Dann lassen wir uns drauf ein, durch diesen Wust zu taumeln; die Art der Aufbereitung verbietet die museale Besichtigungstour, Distanz und "Verstehen" haben Pause, die Sprache selbst arbeitet vor sich hin, und ihr zu folgen, macht durchaus Arbeit, aber durchaus nicht unwillkommene Arbeit – der Mühe vergleichbar, drunken zu einer Musik tanzen zu sollen, deren Struktur man nur so zirka versteht.
Hat man so gelesen, lässt sich im Nachhinein konstatieren: Dass die durch-einander montierten Übertragungen ungefähr jenes Repertoire von Permutationen an Bernsteins Texte anwenden, das diese wiederum, "im Original", gegen die Grundlagen von Verstehen und Syntax in Anschlag bringen. Allerdings – und das ist für den Eindruck, den das Buch hinterlässt, entscheidend – erscheinen die "Originale" sozusagen aus einem Guß, sind noch auf eindeutig bezeichenbare Weise in mitteilender Sprache verwurzelt (schaffen es zum Teil gar, siehe obiges Zitat, zugleich Mitteilung und L=A=N=G=U=A=G=E-mäßige Spielanordnung zu sein), während die Bearbeitungen in dieser selben Weise bloß noch auf das Bernsteinsche Textkorpus bezogen sind, nicht mehr aber auf eine (sprachliche, materielle) Welt ausserhalb dieses Korpus, will sagen: Der Bernstein ruht inmitten, und die Bearbeitungen schlagen in sehr unterschiedliche Richtungen hin Funken. Nicht umsonst finden wir an mehreren Stellen, nicht zuletzt im Klappentext, den Hinweis auf die Herkunft des Wortes "Elektrizität" als die Bezeichnung jener Kraft, die geschichtlich zuerst beobachtet wurde als das statische Knistern beim Reiben eines Stücks Bernstein [Neulatein: Electrum] – dieses scheint die Vorgabe des ganzen Bandes zu sein.
Das ist viel, und mitunter geil, und doch fragen wir uns mitten drin öfter mal, ob da nicht einfach eine mit unmäßigem Aufwand an Hirnschmalz und Buchdruckerkunst hergestellte, bloße Kontemplationsübung für rettungslose Lyrikopfer und Lit-Wissler vorliegt …
… und da wir so fragen, fragen wir falsch.

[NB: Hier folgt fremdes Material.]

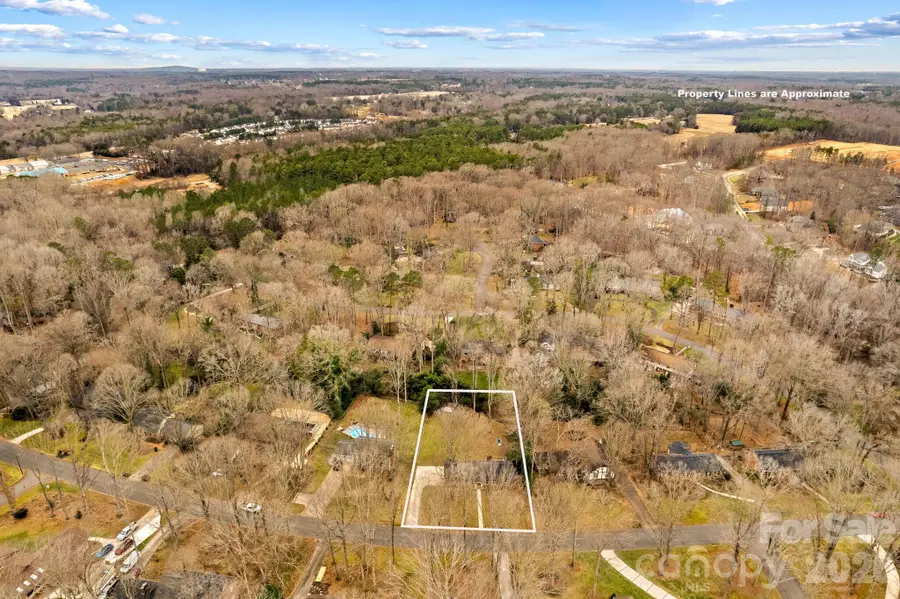 326 Camelot Drive, Salisbury, NC 28144 - Image #3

Denn die Kontemplationsvorlage, sich den multiplen Doppel- bis Quadrupelcodierungen zu überlassen, läuft, so wie zumindest ich diesem Fluß folge, auf ein Herzstück / Kernstück hin, welches uns dann geradezu als Widerlegung jenes Statements in Bernsteins Text "Palukaville" erscheinen darf, wonach
Class struggle is certainly not furthered by poetry itself.
Das Kernstück, von dem ich rede, ist der Text "Asylum" nebst seinen drei weit divergierenden Übertragungen: Eine planvolle Verstümmelung bürokratischer Rede und zugleich der Rede über Bürokratien, die das Einsperren/Überblicken/Institutionalisieren von Menschen zum Gegenstand haben – von Internaten und Kaseren über Flüchtlingslager bis zu Gefängnissen und KZs. Was zwischen den Auslassungen übrigbleibt, aus denen der Text vor allem besteht, ist genug, um uns den Gedanken nahezulegen, es sei in allen diesen Kontexten die soziale Wirklichkeit soweit und auf so komplexe Weise von der nötigen Mindestanforderung an ein vernunftgeleitetes Zusammenleben entfernt wie die Sprache und Ordnung dieses Bandes von linearer Aussagesprache.
Eine der Übertragungen von "Asylum", ausgewiesen als Nachdichtung ("nach Charles Bernstein") stammt von Miriam Rainer und benutzt Bausteine aus den hahnebüchenen Begründungen eines negativen Asylbescheides, um sich Bernsteins Text anzunähern. Sollten wir partout keinen Spass an dem poetrybetrunkenen Lesen und neu-Lesen und wieder und wieder anders-Lesen empfinden wollen, das der Band uns rundherum anbietet – so reicht zu seiner Empfehlung schon alleine hin, dass er uns geradezu pädagogisch an die volle Härte und Tragweite dieser einen Nachdichtung heranführt.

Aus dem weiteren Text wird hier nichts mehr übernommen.